Suudi Arabistan’dan İran’a gerilimden kaçınma çağrısı

Suudi Arabistan, uranyum zenginleştirme oranını yüzde 60’a çıkaracağını açıklayan İran’ın nükleer programıyla ilgili gelişmelerden duyduğu büyük endişeyi dile getirdi.

Dışişleri Bakanlığı, Suudi Arabistan’ın İran’ın nükleer programındaki güncel gelişmeleri endişeyle takip ettiğini bildirerek, İran’ın uranyum zenginleştirme seviyesini yüzde 60’a çıkarmasının barışçıl kullanıma yönelik bir program olarak değerlendirilemeyeceğini vurguladı.

Bakanlığın açıklamasına göre Suudi Arabistan, İran’ı tırmanıştan kaçınmaya, bölgenin güvenlik ve istikrarını daha fazla gerilime maruz bırakmamaya ve devam eden nükleer anlaşma konulu müzakerelere ciddi bir şekilde katılmaya çağırdı.

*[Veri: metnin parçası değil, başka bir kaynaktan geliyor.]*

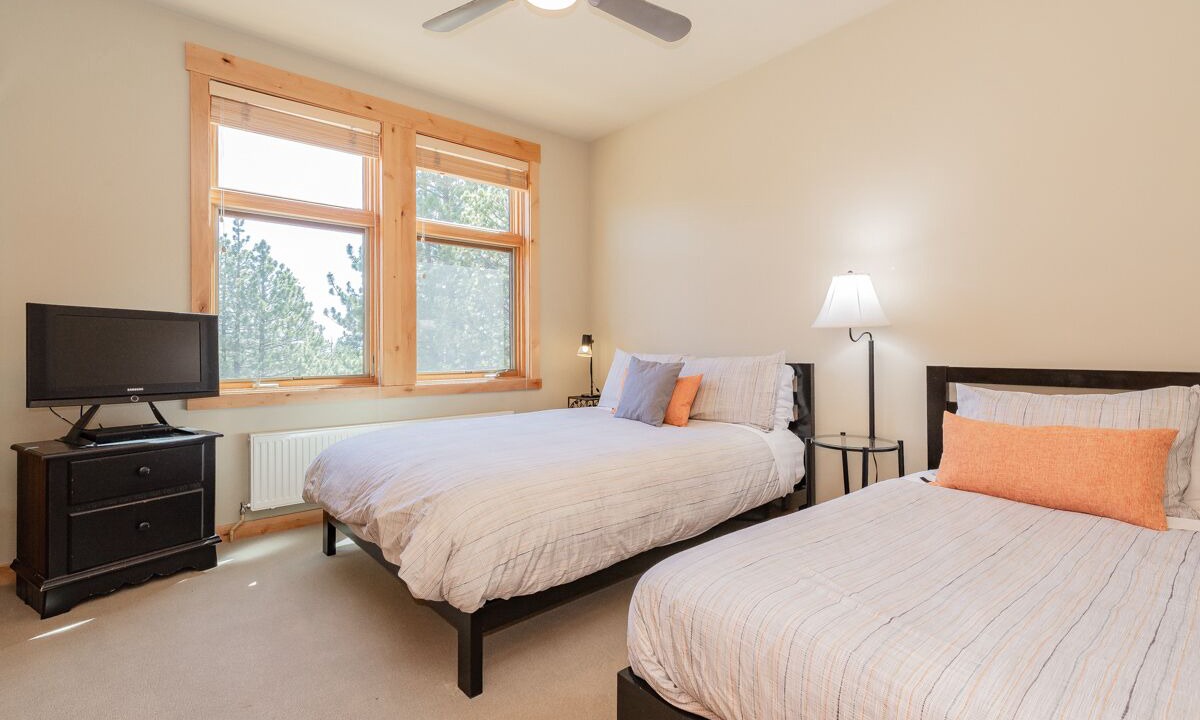 Photo of Bedroom in Mammoth Lakes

Açıklamada, uluslararası toplumun, Tahran’ın nükleer silah elde etmesini veya bunun için gerekli kabiliyetleri geliştirmesini engelleyecek şekilde daha güçlü ve daha uzun parametrelerle İran ile anlaşmaya varmasının önemine vurgu yapıldı.

Körfez İşbirliği Konseyi (KİK), üye ülkelerin nükleer anlaşmayla ilgili olarak Almanya ve İran daimi üyeler arasında Viyana’da devam eden müzakerelere katılmasının gerekliliğini bir kez daha vurguladı.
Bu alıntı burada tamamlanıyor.